[WHAT TO WORK ON]: Retype, word for word, the line holding "HAMPER MURAH/HAMPER BAJET/HAMPER" and every line below it to the end of the listing. Leave out the pictures.

[DATASET SECTION]:
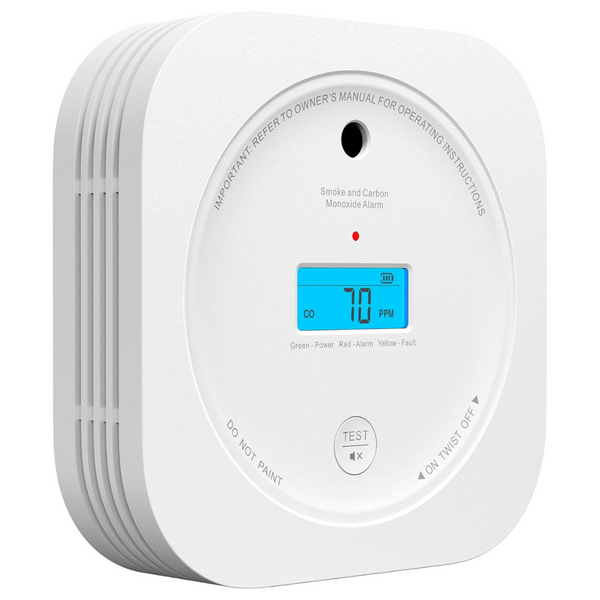 AegisLink Smoke & Carbon Monoxide Detector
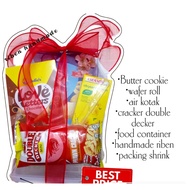 HAMPER MURAH/HAMPER BAJET/HAMPER HADIAH/SNEK HAMPER/GOODIES/HADIAH MURAH/ HAMPER SUKANEKA/HAMPER RAM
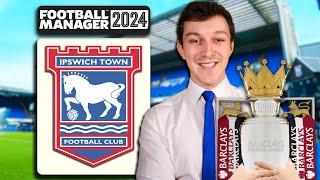 I Rebuild Ipswich Until They Win the Premier League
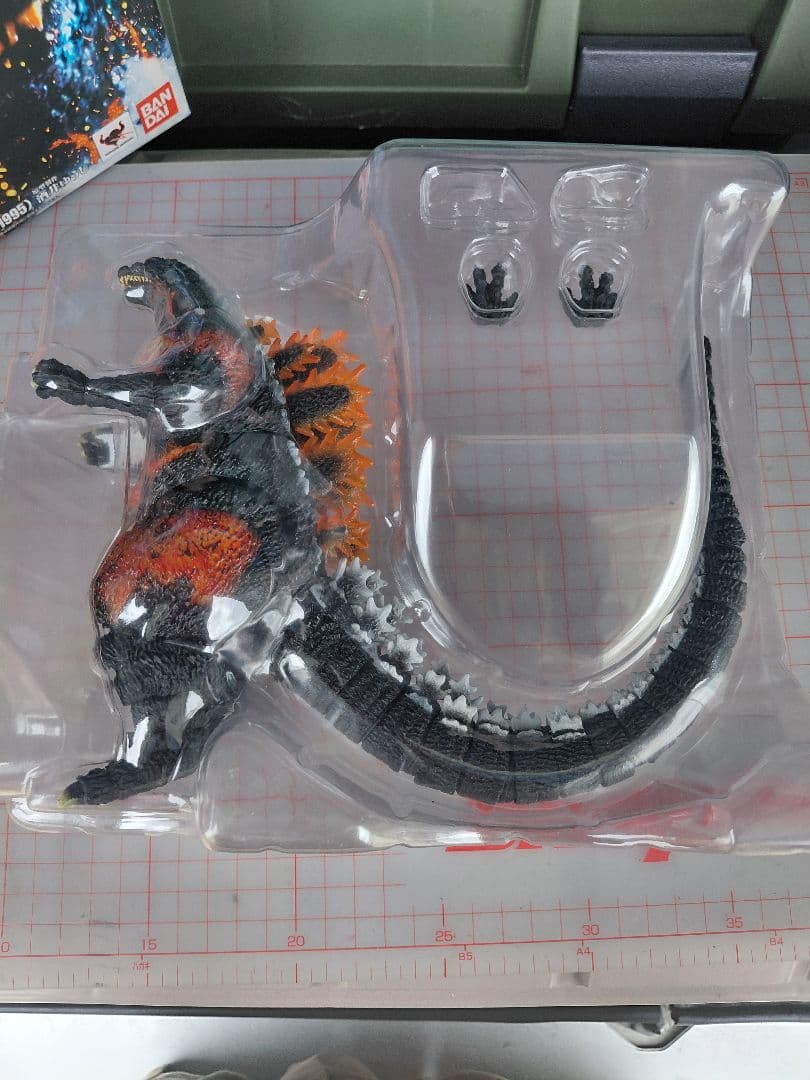 ゴジラ (1995) フィギュア限定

[RESPONSE FOR THIS EXERCISE]:
 HAMPER MURAH/HAMPER BAJET/HAMPER HADIAH/SNEK HAMPER/GOODIES/HADIAH MURAH/ HAMPER SUKANEKA/HAMPER RAM
 I Rebuild Ipswich Until They Win the Premier League
 ゴジラ (1995) フィギュア限定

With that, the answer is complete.